ダブルタップが完了すると、画面に操作完了を示す青い指のアイコンが表示される
画面やボタンだけでなく、Digital Crownにも触れる必要がなく、「買い物袋で片手がふさがっているけれど、ここではSiriに頼む声を出しづらい」といったようなシーンでも、ダブルタップするだけでApple Watchの基本操作ができるので、大変便利です。
ダブルタップは新しいApple Watchの発売後、10月に予定しているソフトウェアアップデート以降から使えるようになります。
Ultraのディスプレイはさらに明るくなった
最後にUltra 2について触れておきましょう。
S9チップは電力効率が高く、その余力をディスプレイの最大輝度に使うことで、Series 9ではディスプレイ最大輝度が2000ニトまで明るくなっています。一方、Ultra 2では最大3000ニトに対応。強い陽射しの下でも、画面が見やすくなっています。
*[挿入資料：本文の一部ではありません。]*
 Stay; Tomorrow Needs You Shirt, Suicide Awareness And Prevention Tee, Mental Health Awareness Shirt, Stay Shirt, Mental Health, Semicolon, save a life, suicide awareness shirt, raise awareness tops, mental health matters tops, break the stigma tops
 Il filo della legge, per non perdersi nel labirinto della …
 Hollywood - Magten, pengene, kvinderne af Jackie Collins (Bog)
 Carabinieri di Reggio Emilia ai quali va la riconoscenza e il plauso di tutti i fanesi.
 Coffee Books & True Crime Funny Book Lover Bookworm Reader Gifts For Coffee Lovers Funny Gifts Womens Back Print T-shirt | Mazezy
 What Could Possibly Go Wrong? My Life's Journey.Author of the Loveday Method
またバッテリー性能も改善され、Ultra 2は「低電力モード」を選択すると、従来の最大60時間からさらに伸びて、最大72時間のバッテリー持ちを実現しました。

画面がさらに明るくなったApple Watch Ultra 2。多くの情報を一度にチェックできる新しい文字盤「モジュラーUltra」が提供される
Ultra 2については、初代モデルで採用した非再生チタニウムのケースから、95%再生チタニウムに変更。再生素材を30%以上含むアルパインループとトレイルループを組み合わせると、カーボンニュートラルな組み合わせになります。
watchOS 10の新機能であるメンタルヘルスケアのセルフチェックなども含めて、ますます使いやすくなるApple Watch。2023年の新モデルは、その使いやすさが確実に実感できるスマートウォッチになったといえそうです。
新Apple Watchシリーズはすでに予約開始されており、9月22日(金)に発売となります。iPhone 15/Proシリーズと合わせて、その進化をぜひ味わってみてください。